- Directed by: Barry Avrich
- Produced by: Randy Lennox Barry Avrich Caitlin Cheddie
- Starring: David Foster
- Cinematography: Ken Ng
- Edited by: Eugene Weis
- Production companies: Melbar Entertainment Group Bell Media Studios
- Distributed by: Bell Media
- Release date: September 9, 2019 (TIFF);
- Running time: 91 minutes
- Country: Canada
- Language: English

= David Foster: Off the Record =

David Foster: Off the Record is a 2019 Canadian documentary film, directed by Barry Avrich.
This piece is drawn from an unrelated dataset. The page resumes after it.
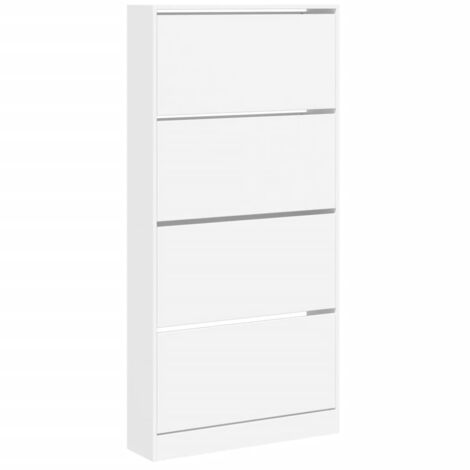 Zapatero zapatero mueble de almacenaje entrada pasillo salón 4 cajones plegables 80 x 21 x 163,5 cm blanco 020021358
The film profiles influential Canadian record producer David Foster, through a mix of archival footage and interviews with Foster, his family, and musicians who have worked with him including Barbra Streisand, Lionel Richie, Michael Bublé, Céline Dion, Quincy Jones, Clive Davis, Josh Groban, Kristin Chenoweth, Peter Cetera, Diane Warren and Carol Bayer Sager.

The film premiered at the 2019 Toronto International Film Festival as a TIFF Special Event. Following its television broadcast in 2020, it received a Canadian Screen Award nomination for Best Biography or Arts Documentary Program or Series at the 9th Canadian Screen Awards in 2021.